The Chancellor’s Autumn Budget set out a range of significant tax, welfare, business and economic measures designed to address cost-of-living pressures while attempting to stabilise public finances. Below is a consolidated summary with a focus on the measures most relevant to individuals, employers, recruitment supply chains, umbrella companies and wider industry stakeholders.

 

Summary of Key Measures

 

  1. Taxation & Personal Finances

Income & Savings

  • Dividend, property and savings income tax rates will rise by 2 percentage points from April 2026.
  • Income Tax and National Insurance thresholds remain frozen until 2030–31, continuing the impact of “fiscal drag.”

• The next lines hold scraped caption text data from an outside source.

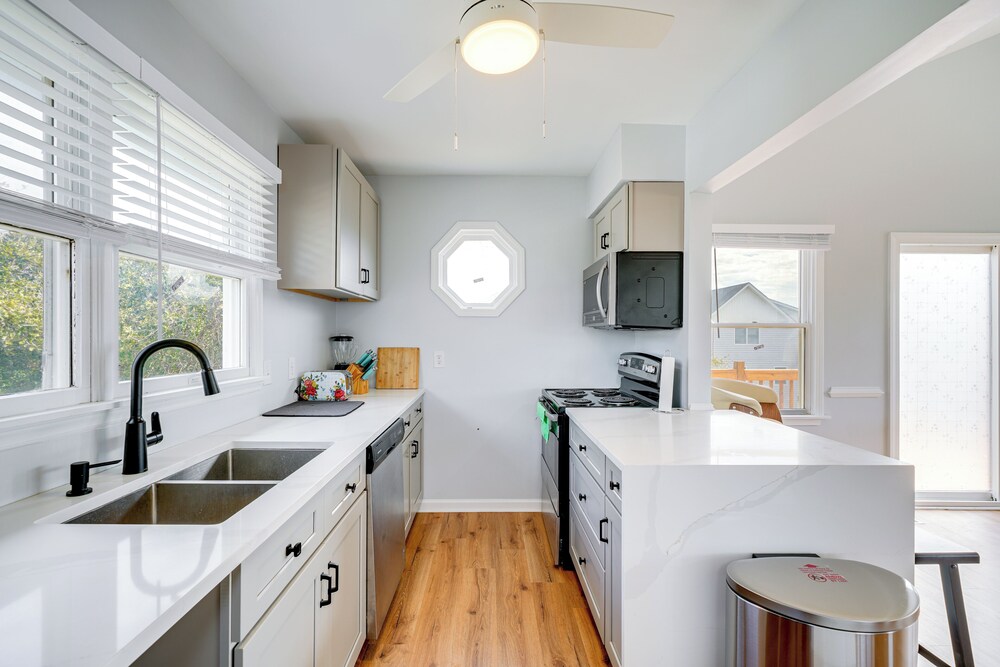 Steps to Beach: Centrally Located OBX Home!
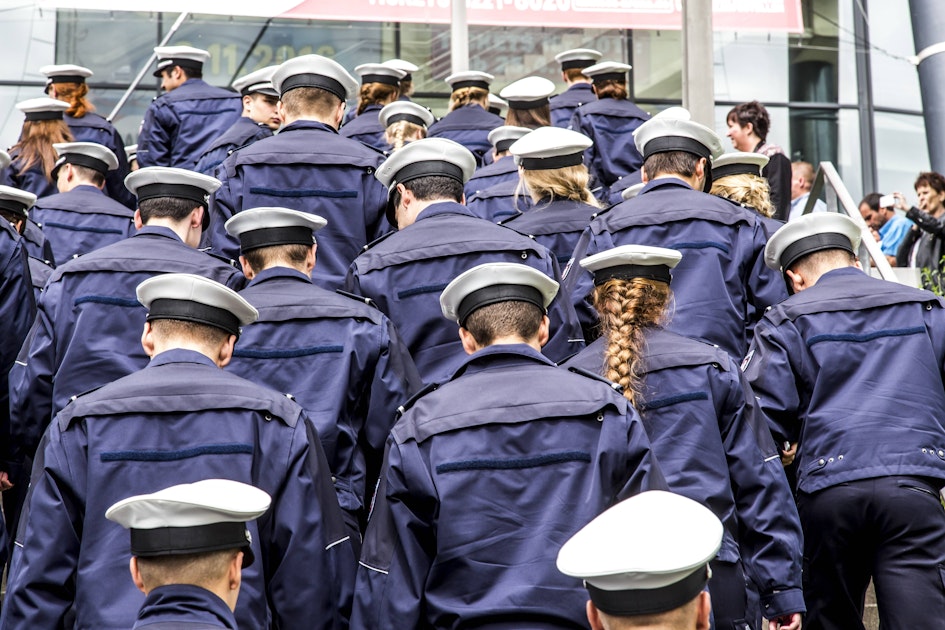 Corona-Verstöße: Polizeischüler feiern spontane Abschlussfeier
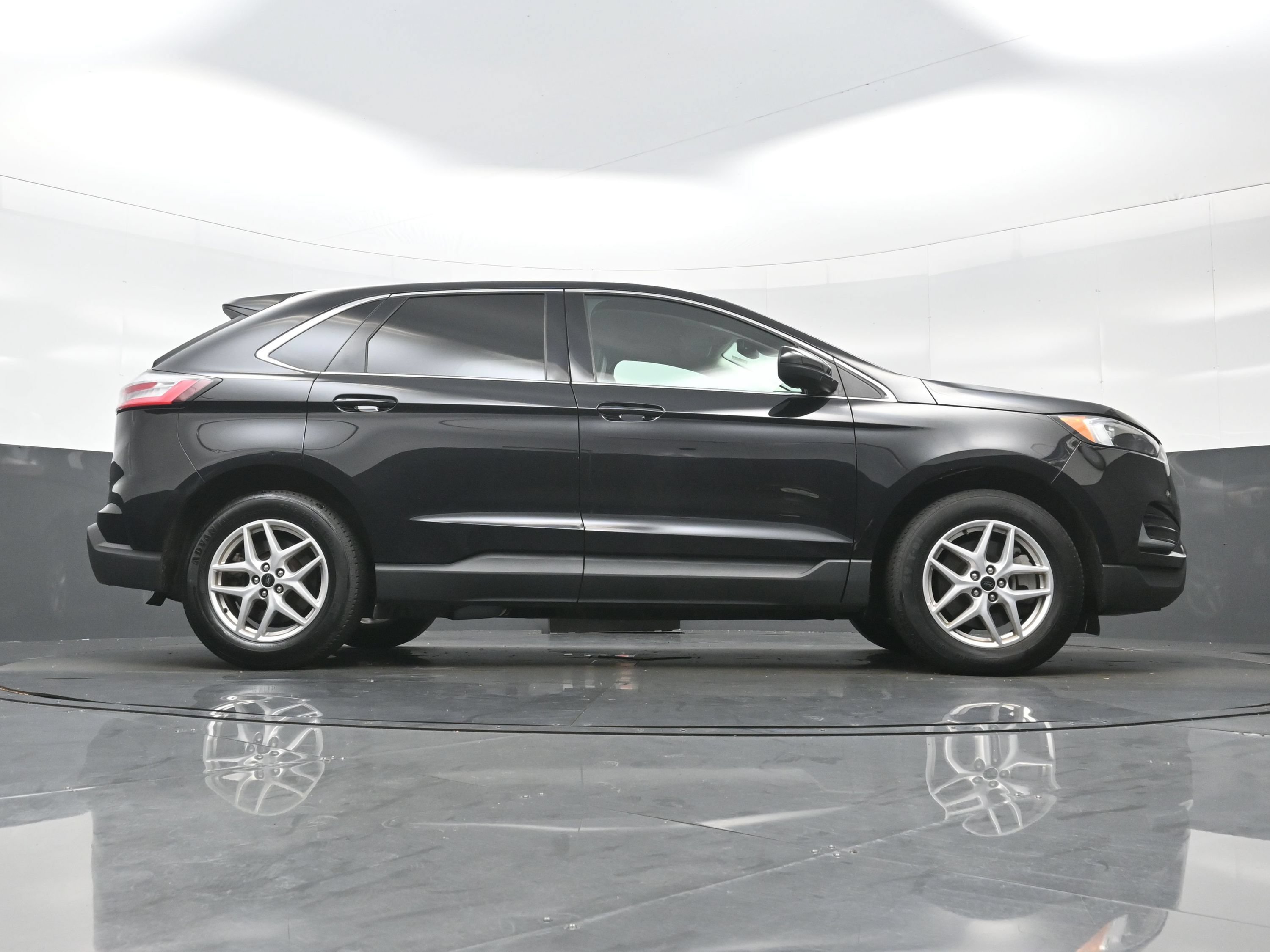 Used 2024 Ford Edge SEL AWD/4WD image 31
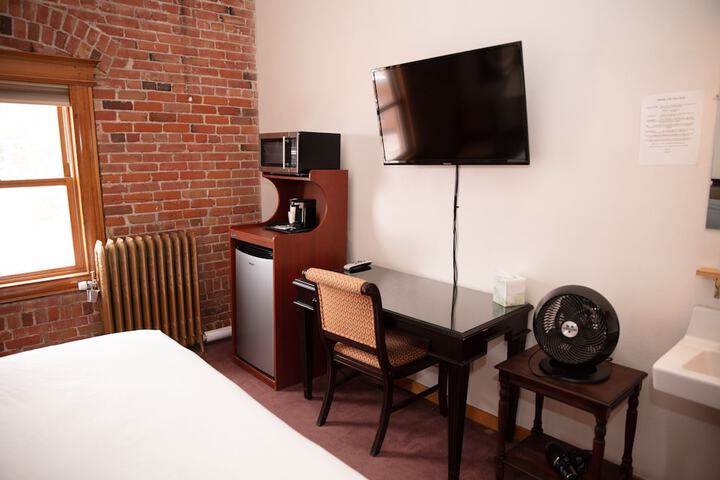 Room 41 of 120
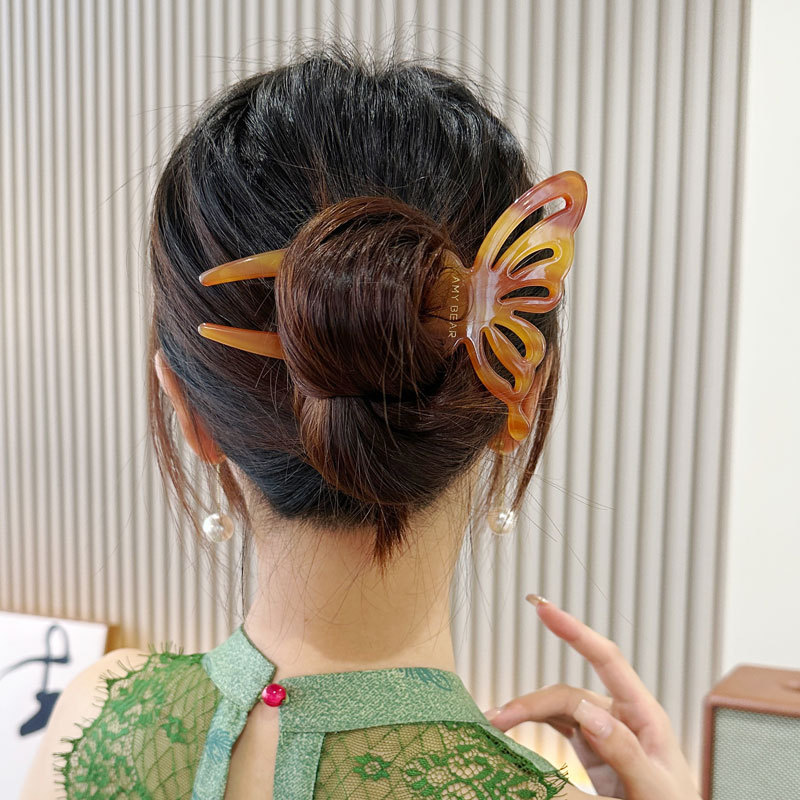 กิ๊บติดผมรูปผีเสื้อทรงตัวยู ดี - Women Fashion Hair Style บทวิจารณ์และราคา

ISA changes from April 2027

  • Cash ISA allowance reduced from £20,000 to £12,000
  • £8,000 allowance ringfenced for Stocks & Shares ISAs (no change for savers aged 65+)
  • Student loan repayment threshold frozen for three additional years.
  • Inheritance tax: 100% relief allowances can now be transferred between spouses, increasing financial planning flexibility.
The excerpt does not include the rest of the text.